On Fri, Aug 08, 2014 at 02:49:24PM -0400, Brian Foster wrote:
> Hi all,
> I've seen collapse range fall over during some recent stress testing.
> I'm running fsx and 16 fsstress threads in parallel to reproduce. Note
> that the fsstress workload doesn't need to be on the same fs (I suspect
> a sync() is a trigger). These patches are what has fallen out so far...
> The first patch stems from the fact that the error caused an fs shutdown
> that appeared to be unnecessary. I was initially going to skip the inode
> log on any error, but on closer inspection it seems like we expect to
> abort/shutdown if something has in fact been changed, so this modifies
> the code to reduce that shutdown window. The second patch deals with the
> actual collapse failure by fixing up the locking.

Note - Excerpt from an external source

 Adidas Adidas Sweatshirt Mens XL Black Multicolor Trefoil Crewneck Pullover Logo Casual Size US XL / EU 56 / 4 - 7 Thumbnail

> Note that I still reproduced at least one collapse failure even with
> these fixes, so there could be more at play here with the
> XFS: Internal error XFS_WANT_CORRUPTED_GOTO at line 5535 of file
> fs/xfs/libxfs/xfs_bmap.c. Caller xfs_collapse_file_space+0x1af/0x280 [xfs]
> This took significantly longer to reproduce and I don't yet have a feel
> for how reproducible it is in general. In the meantime, these two seemed
> relatively straightforward and incremental...
They look good, but it's too late for the 3.17 merge window.
However, given that we've got other fixes that need to go to 3.17
but are also too late (Chris Mason's direct IO invalidation fixes)
I'll plan these for 3.17-rc2 or so.